A team of researchers from the University of California at San Diego have found that thermal imaging cameras can be used to steal PIN numbers when people make a cash withdrawal from an ATM. Residual heat from a person’s finger when it touches the keypad to punch in their PIN can be viewed with an infrared camera to give away your combination without anyone having to actually see your finger on the button.
For criminals, thermal imaging has some advantages. Whether or not the user visually blocks the keypad while they type their number will make no difference, and PIN harvesting can still be automated to provide crooks with a leg up. Researchers Keaton Mowery, Sarah Meiklejohn and Stefan Savage of UCSD studied 21 volunteers punching in 27 randomly selected PIN numbers on plastic and brushed metal keys. The study showed that plastic PIN pads retain the heat signature from the finger the longest showing which numbers and which order they were pressed.
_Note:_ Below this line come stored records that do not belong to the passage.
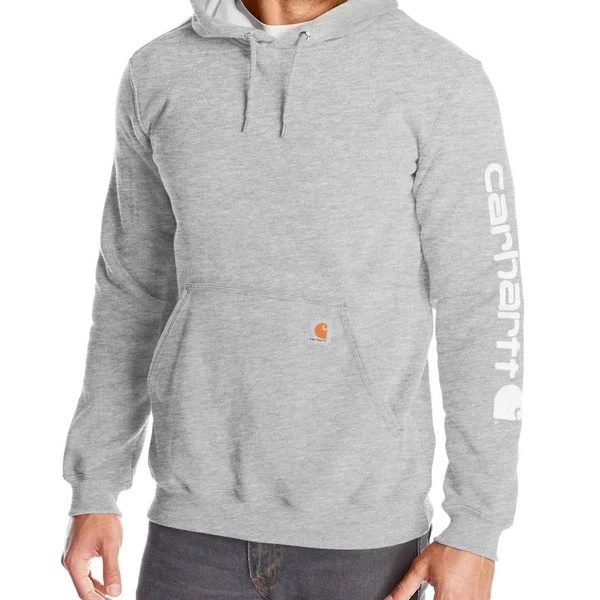Carhartt Men's Midweight Hooded Logo Sleeve Sweatshirt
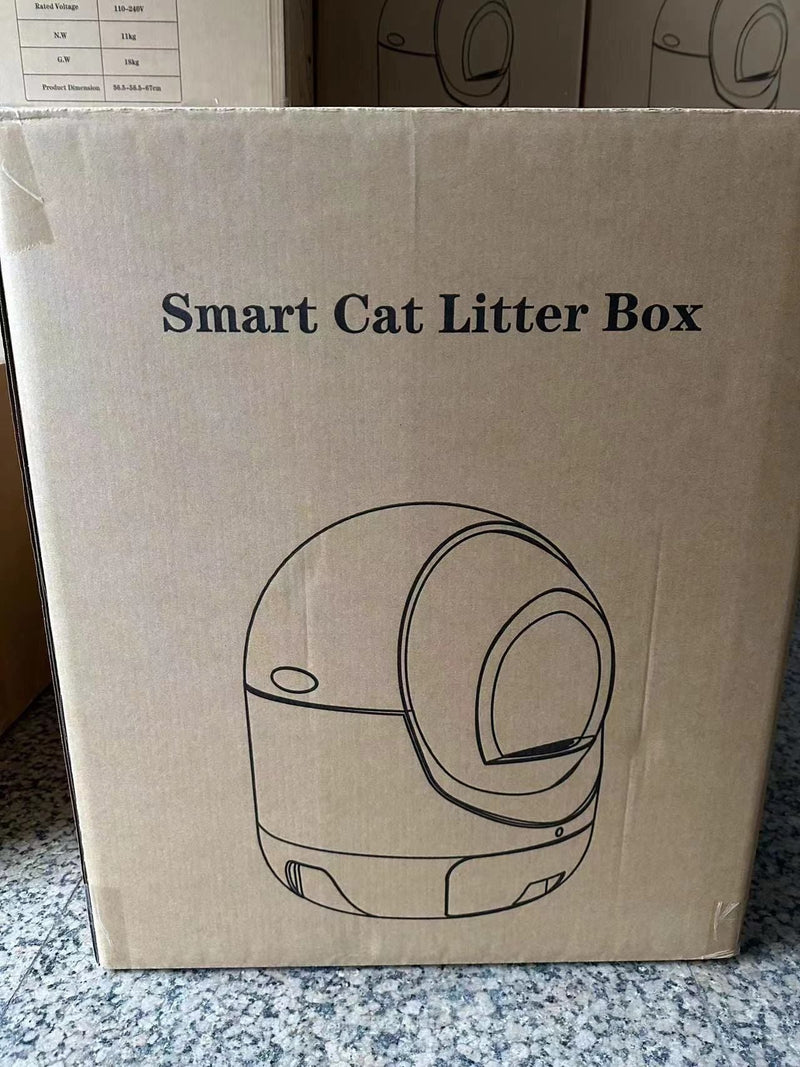 Automatic Cat Litter Box for Multiple Cats, 5G/2.4G WiFi, Double Odor Removal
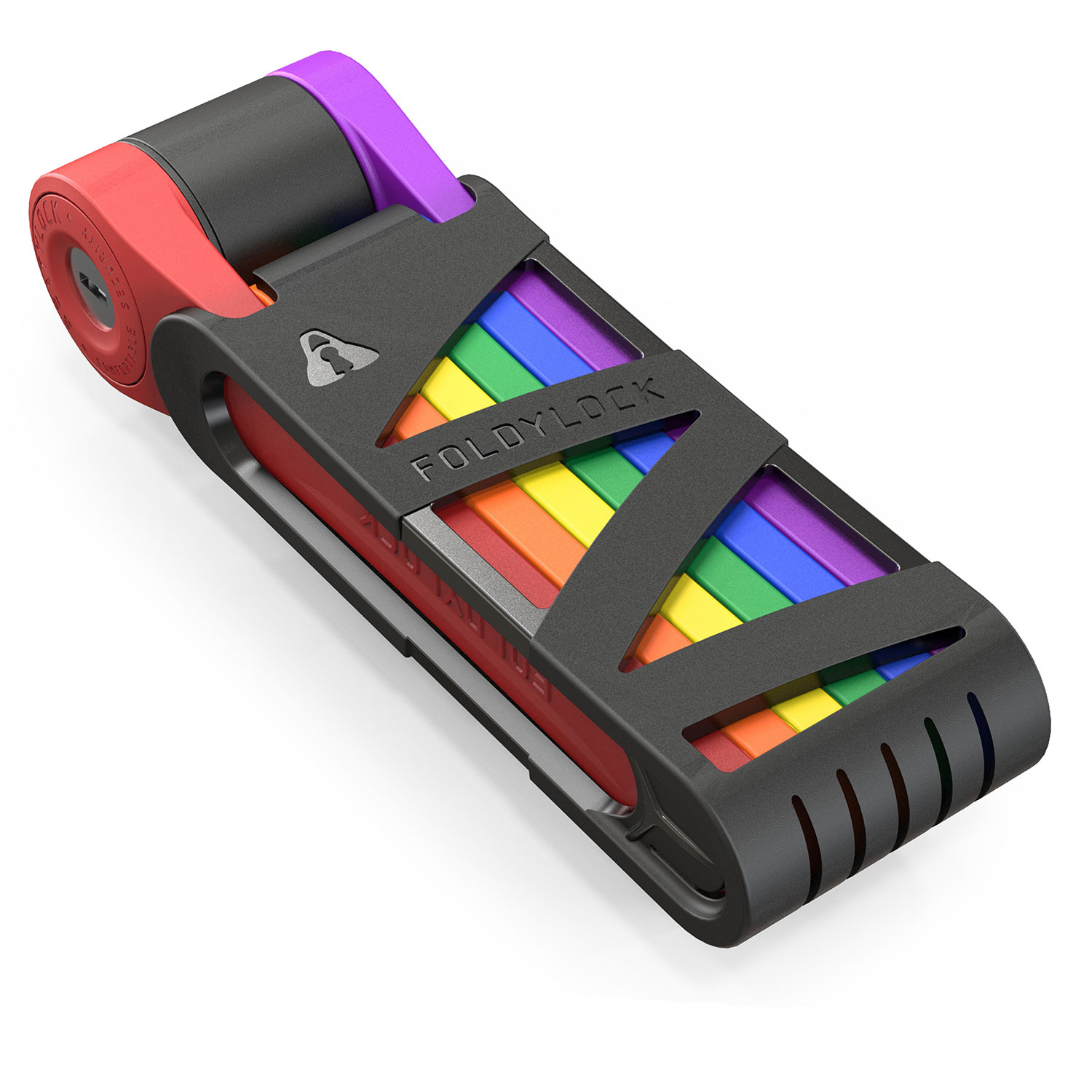 Foldylock Compact Pride Edition Bike Lock Merlin Cycles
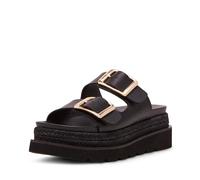 Madden Girl Women's Mythicall Flat Sandal, Black Paris, 5 UK
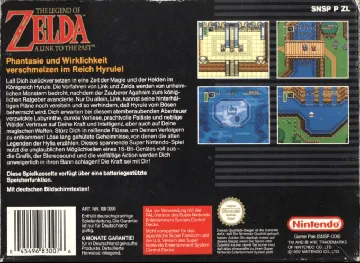 Legend of Zelda, The - A Link to the Past (Canada) box cover back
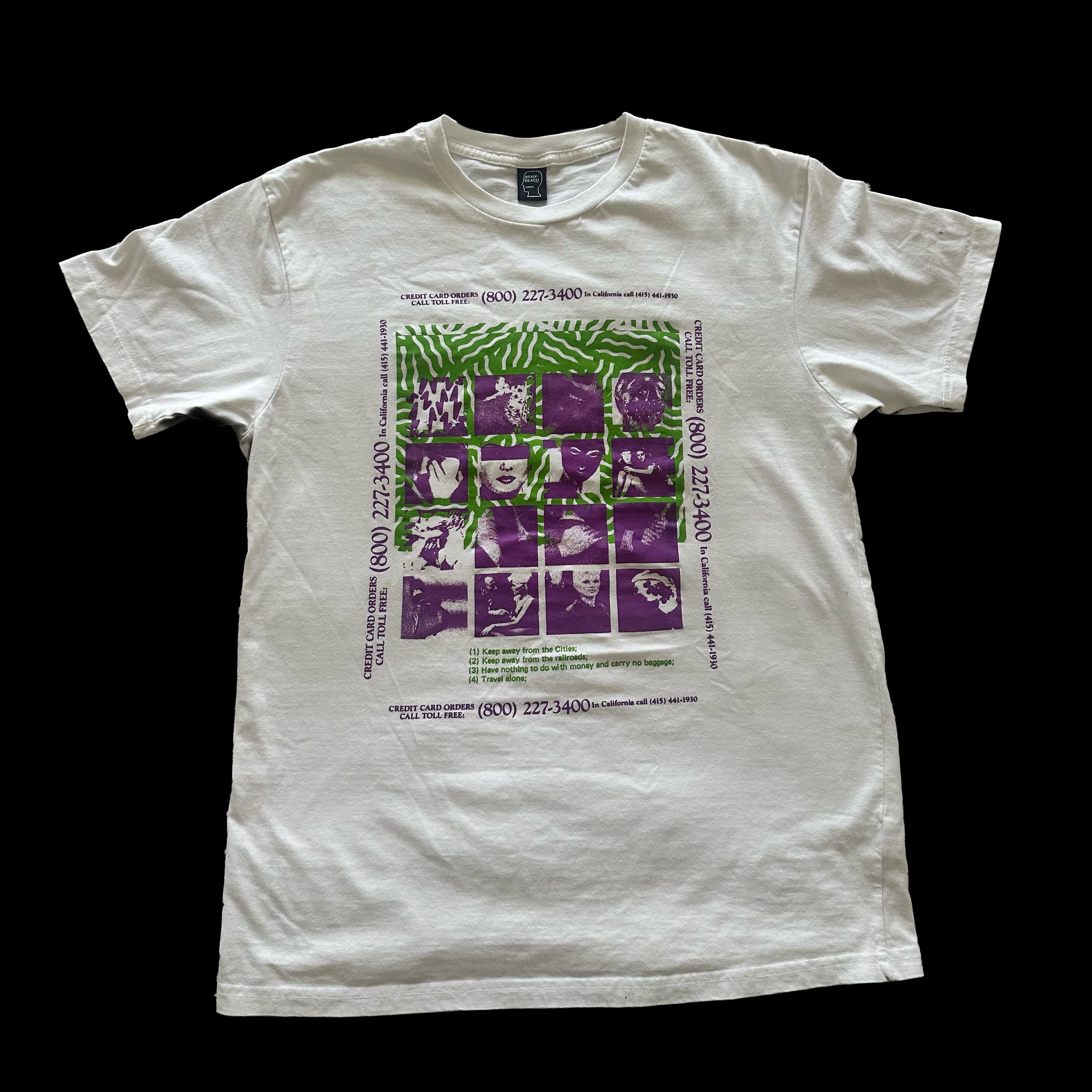 Brain Dead Brain Dead Deadstock T (WHITE) Size US M / EU 48-50 / 2 - 1 Thumbnail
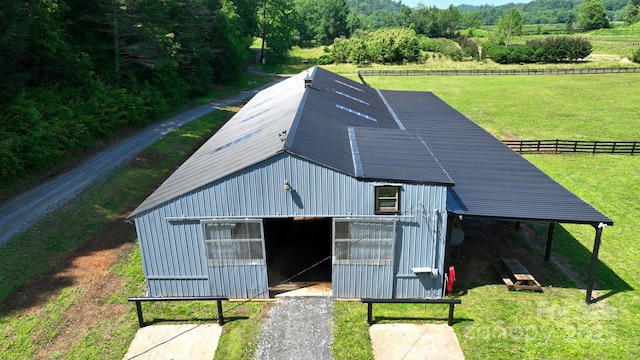 2967 Roby Martin Rd, Lenoir, NC 28645 - view of pole building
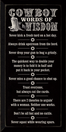 Cowboy Words of Wisdom: Never kick a fresh turd on a hot day.. |Cowboy Wisdom Wood Sign| Sawdust City Wood Signs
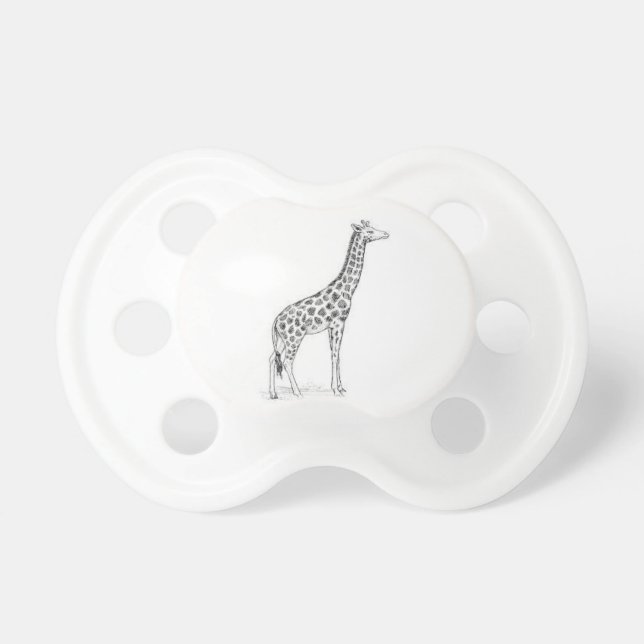 Baby-Schnuller mit einem Girraffe Schnuller (Vorne)
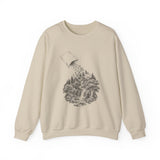 Surreal Garden Sweatshirt, Seed Packet Forest Illusion Art Crewneck, Gardener Gift, Botanical Plant Tee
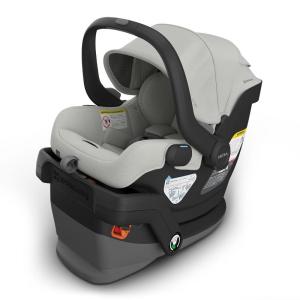 UPPAbaby Mesa V3 Infant Car Seat – Easy Installation + SmartSecure Technology – Attaches to Stroller | Base + Infant Insert Included – Ada (Sandstone)(Savannah (Pearl Gray Jacquard))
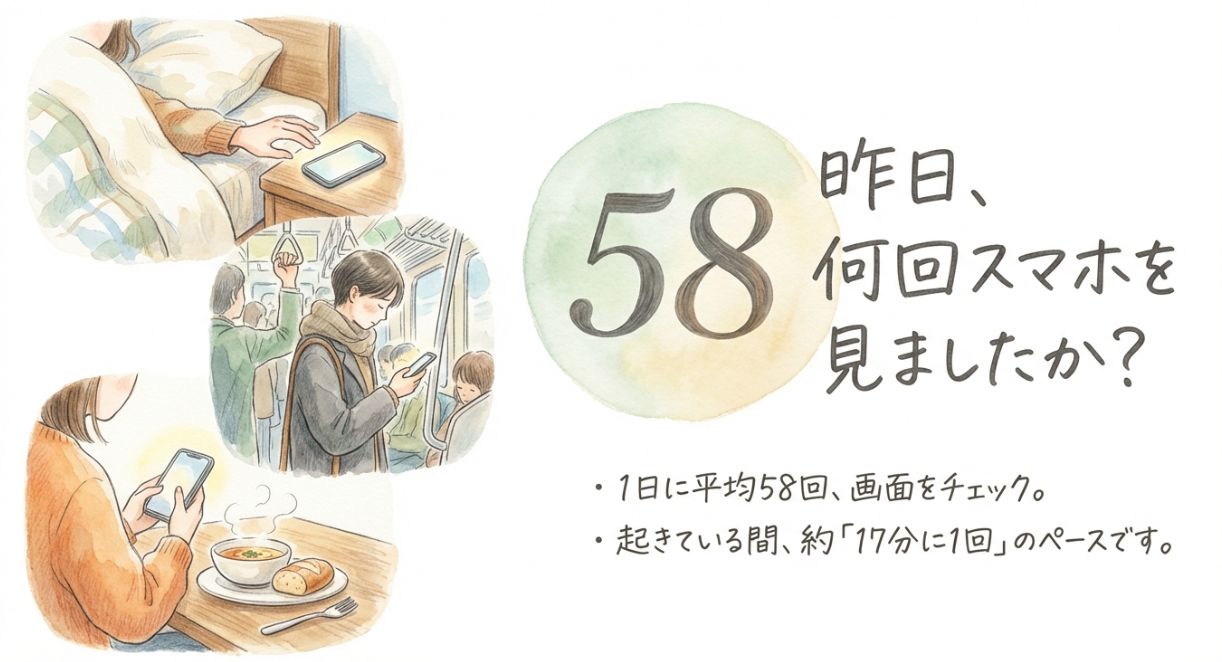 1日に何時間、スマホを見ていますか?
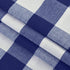 3 Pc Cotton Classic Country Farmhouse Kitchen Window Curtain -Navy Blue & White Buffalo Check Tier & Valance Set, 54" x 18" / 27" x 24"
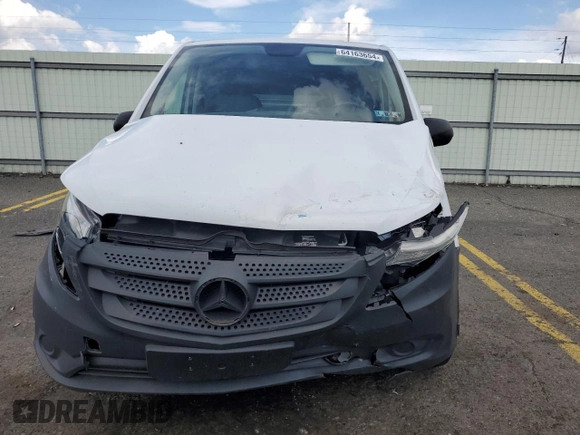 2020 Mercedes-Benz Metris Cargo with VIN WD3PG2EA4L3658585, listed as a Copart auction lot 64163654 with 53,643 mi miles and Salvage Title. Bid and sale history available at carsss.com. Image 5.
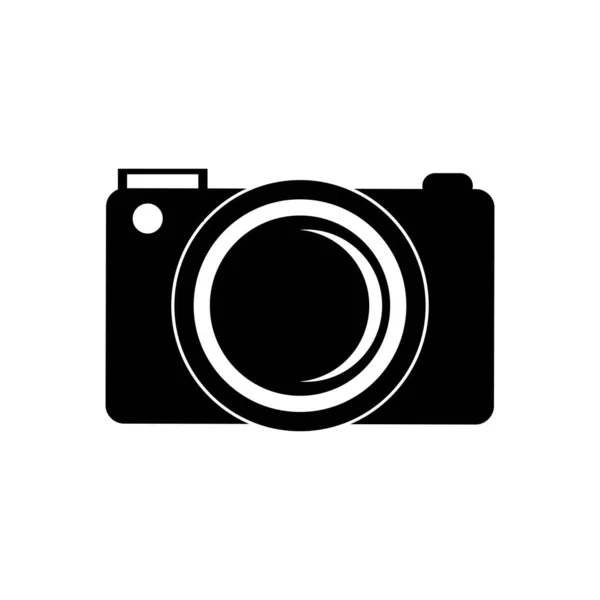 Kamera Illustration Symbol Logo Vektor — Stockvektor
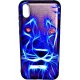 Huawei Y5 2019 Back Cover Case Tempered Glass Lion
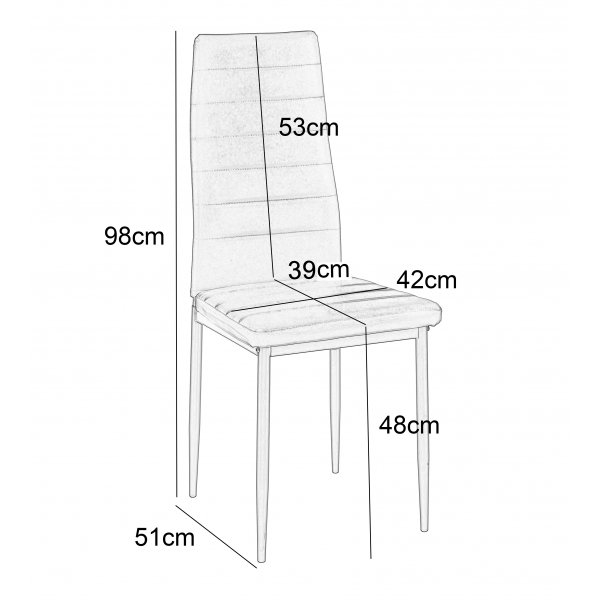 Iris-stol i svart PU Iris-stol i svart PU
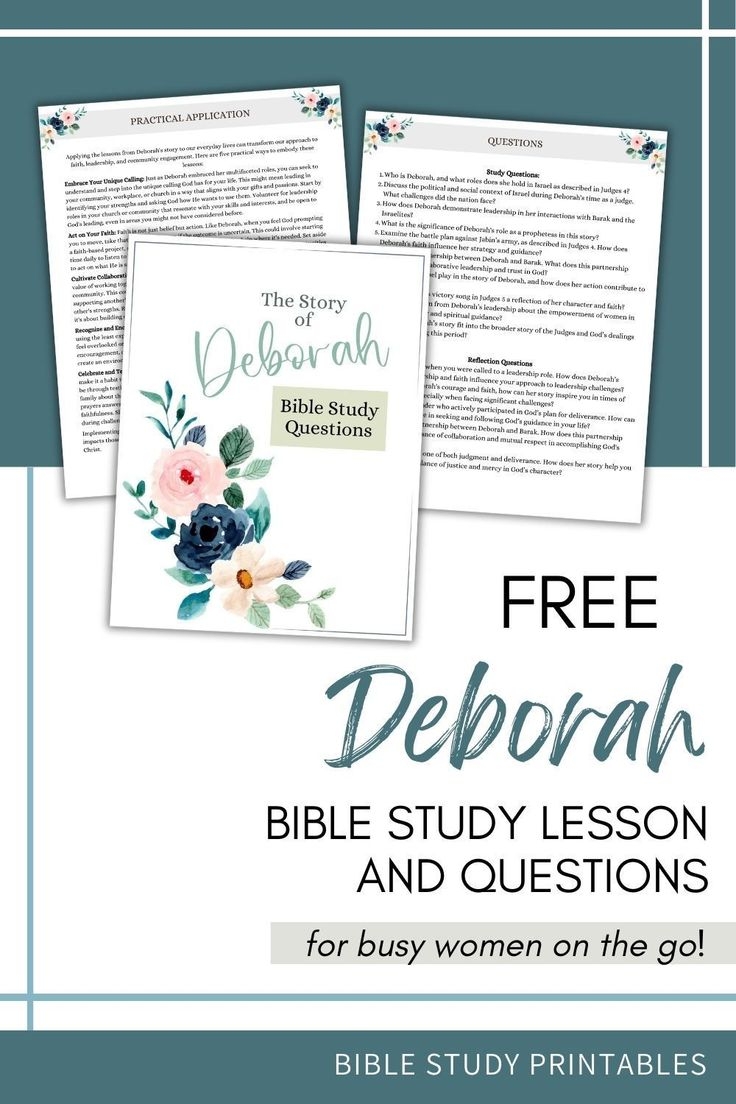 Free Printable Deborah Bible Study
According to the researchers, how hard a person presses the buttons and their body temperature do affect the results. The metal PIN pads surprisingly didn’t hold the heat long enough to show what keys were pressed. However, on the plastic PIN pad the researchers’ software was able to determine the PIN number 80% of the time within 10 seconds. After 45 seconds, the success rate was still high at 60%.
So far, the researchers say thermal imaging hasn’t become widely adopted by criminals for PIN theft, particularly because this type of camera is expensive. However, it is possible that this threat could become more serious in the future.